С легкой руки политологов и широкая публика, и медиа горячо полюбили слова «раскол элит», в которых им слышится теперь музыка волшебного краха режима и больших перемен. Сам по себе крах режима сегодня вообразить не так просто, но загадочный раскол элит как магический шар превращает маловероятное в возможное.
На самом деле раскол элит — вполне конкретное понятие, и вовсе не то же самое, что внутриэлитные конфликты. Внутриэлитные конфликты не только норма любого режима, но еще и механизм контроля — пока эти конфликты существуют, им нужен арбитр. И если в либеральном порядке таким арбитром являются избиратели, то в авторитарном это конкретный человек или группа лиц.
Управляемые внутриэлитные конфликты превращаются в неуправляемые и затем в расколы, когда арбитр не удовлетворяет больше одну или обе стороны. Они знают, что его обещания и решения могут быть по тем или иным причинам не выполнены. И в результате вынуждены обращаться за поддержкой вовне, чаще всего — к населению. В таком сценарии они стремятся спроецировать внутриэлитный конфликт, предметом которого всегда является контроль над ресурсами, на существующие в обществе социальные и политические расколы, и мобилизовать часть населения в свою поддержку.
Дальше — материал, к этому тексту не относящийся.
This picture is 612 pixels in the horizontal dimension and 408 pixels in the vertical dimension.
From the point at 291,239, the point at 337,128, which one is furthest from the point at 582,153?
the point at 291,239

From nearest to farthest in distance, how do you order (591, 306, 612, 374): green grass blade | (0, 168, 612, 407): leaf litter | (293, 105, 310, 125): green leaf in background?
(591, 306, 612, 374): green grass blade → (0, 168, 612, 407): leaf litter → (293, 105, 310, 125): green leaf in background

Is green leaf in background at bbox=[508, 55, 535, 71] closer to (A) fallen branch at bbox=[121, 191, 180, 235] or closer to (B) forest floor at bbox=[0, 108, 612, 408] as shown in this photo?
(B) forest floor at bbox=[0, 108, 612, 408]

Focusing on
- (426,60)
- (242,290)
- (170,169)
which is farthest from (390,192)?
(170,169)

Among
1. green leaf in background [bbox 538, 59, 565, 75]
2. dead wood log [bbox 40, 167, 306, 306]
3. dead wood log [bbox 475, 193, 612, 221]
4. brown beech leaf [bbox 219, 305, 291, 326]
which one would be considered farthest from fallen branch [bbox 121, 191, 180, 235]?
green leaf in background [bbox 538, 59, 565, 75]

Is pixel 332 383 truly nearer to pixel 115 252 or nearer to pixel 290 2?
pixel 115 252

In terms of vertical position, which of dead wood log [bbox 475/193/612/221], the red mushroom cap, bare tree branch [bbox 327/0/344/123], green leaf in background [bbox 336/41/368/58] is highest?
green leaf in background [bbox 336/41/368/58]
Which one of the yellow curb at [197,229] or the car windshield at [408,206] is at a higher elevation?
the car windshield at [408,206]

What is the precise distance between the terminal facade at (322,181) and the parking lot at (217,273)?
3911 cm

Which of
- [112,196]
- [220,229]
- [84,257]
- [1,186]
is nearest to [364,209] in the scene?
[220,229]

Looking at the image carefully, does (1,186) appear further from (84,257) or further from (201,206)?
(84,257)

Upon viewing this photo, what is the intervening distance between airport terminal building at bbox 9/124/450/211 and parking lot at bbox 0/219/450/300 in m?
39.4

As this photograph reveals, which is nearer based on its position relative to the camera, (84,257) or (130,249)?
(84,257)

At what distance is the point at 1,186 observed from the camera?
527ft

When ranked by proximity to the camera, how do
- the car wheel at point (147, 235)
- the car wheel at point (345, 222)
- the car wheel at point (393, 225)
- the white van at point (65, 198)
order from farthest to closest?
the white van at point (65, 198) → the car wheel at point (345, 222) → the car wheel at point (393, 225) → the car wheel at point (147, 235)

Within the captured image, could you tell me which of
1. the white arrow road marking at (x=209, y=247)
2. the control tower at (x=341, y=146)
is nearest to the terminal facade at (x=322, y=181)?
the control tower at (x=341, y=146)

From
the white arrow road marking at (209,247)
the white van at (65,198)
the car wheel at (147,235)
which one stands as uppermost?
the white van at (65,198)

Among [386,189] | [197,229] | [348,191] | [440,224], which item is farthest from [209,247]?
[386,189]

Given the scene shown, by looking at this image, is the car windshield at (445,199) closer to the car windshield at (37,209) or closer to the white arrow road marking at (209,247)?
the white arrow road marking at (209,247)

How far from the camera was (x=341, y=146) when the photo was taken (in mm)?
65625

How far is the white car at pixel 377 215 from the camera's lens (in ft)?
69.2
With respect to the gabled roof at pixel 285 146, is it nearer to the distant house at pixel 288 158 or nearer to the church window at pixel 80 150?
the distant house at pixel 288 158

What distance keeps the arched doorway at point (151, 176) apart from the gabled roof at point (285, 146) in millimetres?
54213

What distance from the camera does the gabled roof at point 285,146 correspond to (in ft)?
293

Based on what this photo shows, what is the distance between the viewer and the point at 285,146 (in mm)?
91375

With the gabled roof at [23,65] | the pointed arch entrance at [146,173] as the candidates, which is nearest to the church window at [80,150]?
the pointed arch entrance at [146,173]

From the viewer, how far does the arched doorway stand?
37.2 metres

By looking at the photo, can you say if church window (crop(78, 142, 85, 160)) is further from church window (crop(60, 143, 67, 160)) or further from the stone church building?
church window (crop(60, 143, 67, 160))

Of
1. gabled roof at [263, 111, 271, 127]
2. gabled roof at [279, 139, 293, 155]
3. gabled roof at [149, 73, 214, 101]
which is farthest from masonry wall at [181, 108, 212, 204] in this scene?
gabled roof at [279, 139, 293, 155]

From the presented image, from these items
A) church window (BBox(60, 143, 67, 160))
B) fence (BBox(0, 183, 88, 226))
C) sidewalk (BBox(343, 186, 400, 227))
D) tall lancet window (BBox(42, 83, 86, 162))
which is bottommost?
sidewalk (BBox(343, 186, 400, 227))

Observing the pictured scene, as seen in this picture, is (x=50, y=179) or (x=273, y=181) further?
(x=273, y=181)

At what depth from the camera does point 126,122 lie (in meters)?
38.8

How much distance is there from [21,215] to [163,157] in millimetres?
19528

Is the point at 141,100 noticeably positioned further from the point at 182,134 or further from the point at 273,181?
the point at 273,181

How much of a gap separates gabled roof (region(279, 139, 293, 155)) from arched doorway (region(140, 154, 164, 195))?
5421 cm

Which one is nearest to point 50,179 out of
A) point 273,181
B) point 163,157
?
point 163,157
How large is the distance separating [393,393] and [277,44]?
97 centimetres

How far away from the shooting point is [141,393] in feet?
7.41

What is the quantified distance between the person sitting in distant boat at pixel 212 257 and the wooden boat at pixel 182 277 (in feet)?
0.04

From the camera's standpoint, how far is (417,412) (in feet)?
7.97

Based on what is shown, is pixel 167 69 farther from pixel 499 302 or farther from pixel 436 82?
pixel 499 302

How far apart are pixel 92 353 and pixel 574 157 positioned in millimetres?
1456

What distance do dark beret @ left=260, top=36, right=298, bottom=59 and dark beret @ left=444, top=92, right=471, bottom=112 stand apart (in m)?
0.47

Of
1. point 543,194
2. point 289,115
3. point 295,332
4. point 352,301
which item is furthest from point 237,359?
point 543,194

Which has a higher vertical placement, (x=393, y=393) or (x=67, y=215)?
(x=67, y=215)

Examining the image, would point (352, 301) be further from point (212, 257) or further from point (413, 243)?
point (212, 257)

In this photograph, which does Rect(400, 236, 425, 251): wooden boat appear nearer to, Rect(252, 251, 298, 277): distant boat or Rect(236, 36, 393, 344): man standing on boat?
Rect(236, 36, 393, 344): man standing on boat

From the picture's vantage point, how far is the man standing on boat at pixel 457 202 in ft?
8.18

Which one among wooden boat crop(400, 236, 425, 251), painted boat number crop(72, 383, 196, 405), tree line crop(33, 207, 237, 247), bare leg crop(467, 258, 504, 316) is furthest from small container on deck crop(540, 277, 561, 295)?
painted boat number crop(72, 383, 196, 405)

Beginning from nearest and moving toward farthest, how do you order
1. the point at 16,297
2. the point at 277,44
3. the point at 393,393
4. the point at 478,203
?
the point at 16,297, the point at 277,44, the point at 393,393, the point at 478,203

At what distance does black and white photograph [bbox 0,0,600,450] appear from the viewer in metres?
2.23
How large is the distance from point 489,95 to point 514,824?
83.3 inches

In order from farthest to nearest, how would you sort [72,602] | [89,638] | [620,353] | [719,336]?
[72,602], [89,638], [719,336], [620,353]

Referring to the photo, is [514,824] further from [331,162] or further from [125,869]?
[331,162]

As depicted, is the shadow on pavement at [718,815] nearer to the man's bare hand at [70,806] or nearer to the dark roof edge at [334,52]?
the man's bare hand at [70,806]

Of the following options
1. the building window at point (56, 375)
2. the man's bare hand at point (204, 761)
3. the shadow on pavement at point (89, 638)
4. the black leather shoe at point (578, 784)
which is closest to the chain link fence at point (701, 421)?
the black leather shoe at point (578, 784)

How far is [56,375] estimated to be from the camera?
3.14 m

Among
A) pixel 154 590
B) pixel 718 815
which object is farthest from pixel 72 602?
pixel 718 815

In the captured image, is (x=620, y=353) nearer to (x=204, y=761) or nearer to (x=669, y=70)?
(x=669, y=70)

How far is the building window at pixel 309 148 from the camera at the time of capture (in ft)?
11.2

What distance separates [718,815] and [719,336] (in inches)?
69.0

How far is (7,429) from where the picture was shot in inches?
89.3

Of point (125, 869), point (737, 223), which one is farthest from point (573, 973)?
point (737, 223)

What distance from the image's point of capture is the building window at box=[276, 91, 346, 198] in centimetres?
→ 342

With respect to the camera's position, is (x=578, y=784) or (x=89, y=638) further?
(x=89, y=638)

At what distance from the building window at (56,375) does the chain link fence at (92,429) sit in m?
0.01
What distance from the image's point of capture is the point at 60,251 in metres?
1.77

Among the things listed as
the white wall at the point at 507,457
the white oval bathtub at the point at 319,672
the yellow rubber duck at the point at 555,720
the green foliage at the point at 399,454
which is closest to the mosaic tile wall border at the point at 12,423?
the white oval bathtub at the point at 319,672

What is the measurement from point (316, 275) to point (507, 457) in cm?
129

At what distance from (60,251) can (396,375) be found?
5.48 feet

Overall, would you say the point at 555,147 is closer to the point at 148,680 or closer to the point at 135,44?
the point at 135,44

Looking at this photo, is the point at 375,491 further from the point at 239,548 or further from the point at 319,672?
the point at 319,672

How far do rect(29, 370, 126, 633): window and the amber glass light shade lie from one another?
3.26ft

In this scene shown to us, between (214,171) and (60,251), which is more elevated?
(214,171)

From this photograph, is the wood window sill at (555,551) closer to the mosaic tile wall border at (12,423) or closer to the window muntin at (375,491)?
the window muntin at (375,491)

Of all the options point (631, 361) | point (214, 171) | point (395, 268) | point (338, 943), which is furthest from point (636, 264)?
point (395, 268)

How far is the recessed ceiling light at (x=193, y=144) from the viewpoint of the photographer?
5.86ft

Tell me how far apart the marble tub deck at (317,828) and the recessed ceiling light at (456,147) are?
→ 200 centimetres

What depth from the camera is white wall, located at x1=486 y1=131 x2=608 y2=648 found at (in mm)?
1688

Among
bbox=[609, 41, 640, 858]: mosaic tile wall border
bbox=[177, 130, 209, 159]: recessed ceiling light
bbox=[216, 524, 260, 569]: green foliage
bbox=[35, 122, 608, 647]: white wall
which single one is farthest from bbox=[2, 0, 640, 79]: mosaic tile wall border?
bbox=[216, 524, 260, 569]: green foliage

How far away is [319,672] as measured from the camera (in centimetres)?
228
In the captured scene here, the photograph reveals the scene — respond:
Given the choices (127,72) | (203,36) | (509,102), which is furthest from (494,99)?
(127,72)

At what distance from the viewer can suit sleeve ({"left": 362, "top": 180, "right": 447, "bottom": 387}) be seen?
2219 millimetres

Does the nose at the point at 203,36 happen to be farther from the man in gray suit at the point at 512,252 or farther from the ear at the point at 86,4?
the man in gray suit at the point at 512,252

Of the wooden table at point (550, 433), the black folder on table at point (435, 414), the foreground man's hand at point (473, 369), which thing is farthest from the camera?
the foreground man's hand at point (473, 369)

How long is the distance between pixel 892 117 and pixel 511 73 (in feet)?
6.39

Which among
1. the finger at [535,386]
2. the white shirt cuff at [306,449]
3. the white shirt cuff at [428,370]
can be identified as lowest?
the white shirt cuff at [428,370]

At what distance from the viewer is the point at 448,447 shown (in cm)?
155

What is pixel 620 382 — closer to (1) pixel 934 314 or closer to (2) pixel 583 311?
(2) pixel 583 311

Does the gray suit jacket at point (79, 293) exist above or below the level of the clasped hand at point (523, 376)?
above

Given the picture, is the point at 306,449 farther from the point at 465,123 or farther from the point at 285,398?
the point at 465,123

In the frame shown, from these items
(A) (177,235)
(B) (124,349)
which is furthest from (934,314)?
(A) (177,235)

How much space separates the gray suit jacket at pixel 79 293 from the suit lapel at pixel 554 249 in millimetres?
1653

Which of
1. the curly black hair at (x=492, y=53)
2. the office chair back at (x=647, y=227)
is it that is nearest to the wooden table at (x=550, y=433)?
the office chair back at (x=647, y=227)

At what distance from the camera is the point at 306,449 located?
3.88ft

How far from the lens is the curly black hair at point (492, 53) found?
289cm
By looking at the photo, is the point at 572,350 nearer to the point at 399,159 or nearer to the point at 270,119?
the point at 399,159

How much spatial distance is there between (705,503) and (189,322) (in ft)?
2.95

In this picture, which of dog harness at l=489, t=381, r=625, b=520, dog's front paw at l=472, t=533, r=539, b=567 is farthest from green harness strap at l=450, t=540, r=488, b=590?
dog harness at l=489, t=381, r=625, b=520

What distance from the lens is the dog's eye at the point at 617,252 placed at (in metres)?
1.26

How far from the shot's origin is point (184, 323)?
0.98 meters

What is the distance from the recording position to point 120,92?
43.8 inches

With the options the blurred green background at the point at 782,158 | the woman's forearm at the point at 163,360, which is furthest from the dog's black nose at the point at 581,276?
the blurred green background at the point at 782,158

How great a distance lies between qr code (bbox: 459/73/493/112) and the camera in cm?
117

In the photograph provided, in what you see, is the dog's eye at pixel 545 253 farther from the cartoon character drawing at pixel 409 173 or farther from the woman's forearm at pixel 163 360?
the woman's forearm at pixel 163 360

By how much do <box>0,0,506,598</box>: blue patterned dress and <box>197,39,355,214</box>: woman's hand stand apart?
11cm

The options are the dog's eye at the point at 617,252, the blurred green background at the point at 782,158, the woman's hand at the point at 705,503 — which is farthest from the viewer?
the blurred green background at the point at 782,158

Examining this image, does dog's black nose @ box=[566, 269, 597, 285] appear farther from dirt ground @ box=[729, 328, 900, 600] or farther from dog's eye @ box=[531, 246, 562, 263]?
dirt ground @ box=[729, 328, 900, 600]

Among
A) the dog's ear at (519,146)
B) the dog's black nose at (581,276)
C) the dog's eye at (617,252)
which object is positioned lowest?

Относительно молодой советский карьерист Михаил Горбачев, придя к власти в 1985 году, был ограничен со всех сторон старой партийной гвардией, имевшей большинство в Политбюро и ЦК. Свои амбиции он проецировал в идею обновления и улучшения социализма. Организовав кампанию критики старых порядков («гласность»), он мобилизовал общественное мнение и молодые генерации элит в свою поддержку и на волне ожиданий всестороннего «обновления» успешно выдавил своих противников.
Но ветер перемен оживил пассионарность других представителей элиты и контрэлиты, которые взяли на вооружение ту же модель общественной мобилизации. Изгнанный с партийного Олимпа Борис Ельцин на фоне экономических проблем горбачевского обновления обратился теперь уже к самым широким слоям населения, обвинив в коррупции («партийные привелегии») и неэффективности уже не только «старую гвардию», но всю партийную элиту .
Возникшие расколы и фрагментация элит создали условия для радикальных изменений политической и экономической системы. Эти изменения не были прямым следствием раскола, скорее они были подготовлены тем, что старое партийное руководство, боясь любых перемен, слишком долго консервировало систему, не допуская даже незначительных и необходимых инноваций. Это породило усталость и значительные ожидания обновления «снизу», которые и сделали возможной трансформацию внутриэлитных конфликтов в раскол элит. И все это отнюдь не уникальная ситуация.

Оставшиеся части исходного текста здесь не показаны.